Speculators have been demonized as predatory or parasitic, because they don't make things. However, price correcting does have value and is not without risk. Other people selling lamps are happy to know what they are worth (have you ever looked at what similar items are selling for when you post on Craigs List?). Sometimes the price is not predictable and goes down instead of up or vice-versa, making those various bets go bad. Like Beanie Babies.
The price of oil might be undervalued, too. People are complaining about the price at the pump, but the concept of price is really just a means to distribute resources. Money is valuable because it serves as a store of value and is easy to carry. Food is valuable to me, as are books and candy. How valuable? We measure that in its monetary value. If you remember your supply and demand curves from economics, as the price of transportation goes up, people will still pay (inelastic good), but some will find other alternatives (Biking, carpooling, public transportation, moving closer to work, getting a smaller car, etc.) or suppliers will increase production to take advantage of the higher prices. If that's the case, then it stinks, but your lifestyle will have to change. During the Carter Administration, gas was rationed and price was not the means that the resources were distributed, and instead it was (among other things) wait time. Would waiting in line be less aggravating?
It may not seem fair to the poorer if this happens, but it's not any less fair that the poor don't have Gulfstreams, that the busy may not have time to wait in line for gas, or that interesting people get attractive spouses, either. That's how resources work, really. In fact, there are a lot of people who think extra taxes on gasoline would be a good thing in the long run, implying that there is definitely room in the market for speculation.
There is also the awkwardness of the word "artificially." What does he mean by that? Is he saying that some participants in the market are illegitimate? How is that determined? If I buy a used car for $1500 with the intent on keeping it, but later see on Craigslist someone willing to pay $2000 for it, would that be an artificial transaction? How long would I have to keep it before it's not speculation anymore? Or what if I hire a travel agent? Or buy stock from a stock broker instead of an IPO? Or buy tickets to a Clemson game on Stub Hub? Or just a guy selling tickets outside the stadium? Are they equally artificial? What is a natural price increase? What about the extra costs incurred by taxes? The president could push to lower gas prices by introducing a bill to Congress to suspend gasoline taxes, since they are price effects that are not even made by market participants; at least the speculators have skin in the game.

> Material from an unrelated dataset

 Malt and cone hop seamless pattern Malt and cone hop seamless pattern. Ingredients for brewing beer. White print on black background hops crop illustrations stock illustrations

Now, does that mean Obama doesn't understand high school economics? Possible, but personally, I think it's more that he doesn't like the answer. Like people who complain about their lottery tickets not winning.
Labels:
economics,
latin,
links,
politics,
pronunciation,
speculating
Wednesday, July 09, 2008
As some of you loyal readers know, I watch Law & Order from time to time. Over the weekend, I spent some time in the Homeland, and my parents watch L&O way more than I do. So I caught an episode or 8. It's hard to deny the entertainment value of Jerry Orbach's quips, but the thing that does it for me is the lawyer part. There is the pre-packaged, disposable hour serving size of television aspect that does make the whole experience interesting, but I think the real appeal is the awesome jargon that lawyers get to use. And, according to L&O, lawyers use it all the time. I hope I never have to sit for jury duty or get arrested for murder (and inevitably plea reject a deal where they offer Man 2) and have this vision dispelled. Dun dun.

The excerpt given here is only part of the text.